The Court of Appeals of Washington, Division Two
Jul 12, 1988
52 Wn. App. 37 (Wash. Ct. App. 1988)

Summary

following guidelines

Summary of this case from Dependency of T.L.G

Opinion

No. 10547-1-II.

July 12, 1988.

[1] Indians — Juveniles — Parental Relationship — Termination — Indian Child — Notice to Tribe — Ancestral Research. For purposes of either the Indian Child Welfare Act of 1978 ( 25 U.S.C. § 1901 et seq.) or RCW 13.34.070(9) of the dependency and termination act, an inquiry regarding the ancestry of a parent does not, by itself, constitute notice to an Indian tribe of a pending parental termination action. [ Dictum.]

Nature of Action: Proceeding to terminate parental rights.

Superior Court: The Superior Court for Kitsap County, No. JD-904, James D. Roper, J., on November 19, 1986, entered a judgment terminating the parent's rights in the child.

Court of Appeals: After remanding the case for resolution of the status of the child as an Indian and finding the non-Indian status unchallenged, the court affirms the judgment.

Dianna T. Adams, for appellant (appointed counsel for appeal).

Kenneth O. Eikenberry, Attorney General, and Kathryn L. Kafka, Assistant, for respondent.


Teresa Dembicer appeals a judgment terminating her parental rights to her 4-year-old son Emery Titus Colnar born February 20, 1984. Among other claims, she contends that the State should have been required to satisfy the higher standard of proof imposed by the Indian Child Welfare Act of 1978. Finding no error, we affirm.

On April 15, 1986, the State of Washington through the Department of Social and Health Services, filed a petition for termination of Teresa's parental rights. This petition followed an order of dependency entered 10 months earlier. The trial court held a fact finding hearing pursuant to RCW 13.34.180 which revealed that Teresa suffered from an emotional disorder that would interfere with her ability to perform her parental duties. The trial court held that it would be in the best interest of the child to terminate the parent-child relationship.

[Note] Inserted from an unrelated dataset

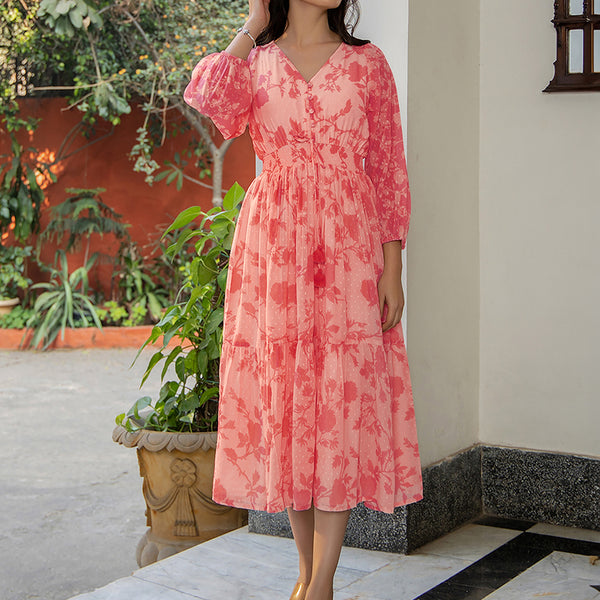Janasya Bright Georgette Floral Fit & Flare Dress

During this hearing, Dembicer's counsel raised the issue that the Indian Child Welfare Act of 1978, 25 U.S.C. § 1901 et seq., should apply to the proceedings, since Dembicer alleged that she is one-quarter Apache Indian. An affidavit was filed by a Department caseworker, which indicated that Emery was not qualified to be enrolled in a tribe. The court ruled that the act did not apply to the proceedings. This court granted accelerated review of Dembicer's appeal.

INDIAN CHILD WELFARE ACT

Dembicer first argues that the Indian Child Welfare Act of 1978, 25 U.S.C. § 1901 et seq., should apply to these termination proceedings. She alleges that she is one-quarter Apache Indian, thus making her son eligible for membership in an Indian tribe.

The act requires that under certain circumstances the proceedings for termination of parental rights of an Indian child be transferred to the tribal courts of the respective Indian tribes, 25 U.S.C. § 1911(b), and if not transferred, the state court's termination of parental rights requires a determination, supported by evidence beyond a reasonable doubt, that continued custody of the child is likely to result in serious emotional or physical damage to the child. 25 U.S.C. § 1912(f).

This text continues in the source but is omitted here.